Sia i randagi che i cani dei canili del Sud, isole comprese, vengono spediti al Nord tramite questo circuito, ma il finale non è sempre lieto.
Dobbiamo quindi considerare questo fenomeno come positivo in quanto favorisce le adozioni degli animali, o possiamo metterne in discussione le prassi?
Le problematiche del fenomeno delle staffette
A maggio 2021 Kodami ha trattato questo tema nell’inchiesta “Staffette: dall’amore al business delle adozioni” che ha messo in evidenza l’imponenza del fenomeno e le problematiche che lo caratterizzano.
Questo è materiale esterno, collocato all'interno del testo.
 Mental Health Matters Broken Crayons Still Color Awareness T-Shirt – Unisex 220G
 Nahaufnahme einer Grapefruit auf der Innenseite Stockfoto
La totale assenza di tracciabilità delle movimentazioni di questi animali e dei mezzi che li trasportano non permette una stima realistica ed ufficiale del fenomeno. Luca Spennacchio, istruttore cinofilo e membro del comitato scientifico di Kodami, nell’intervista ci parla di circa 48 mila animali l’anno; circa 30 furgoni alla settimana, che trasportano circa 1.000 animali. Numeri davvero impressionanti.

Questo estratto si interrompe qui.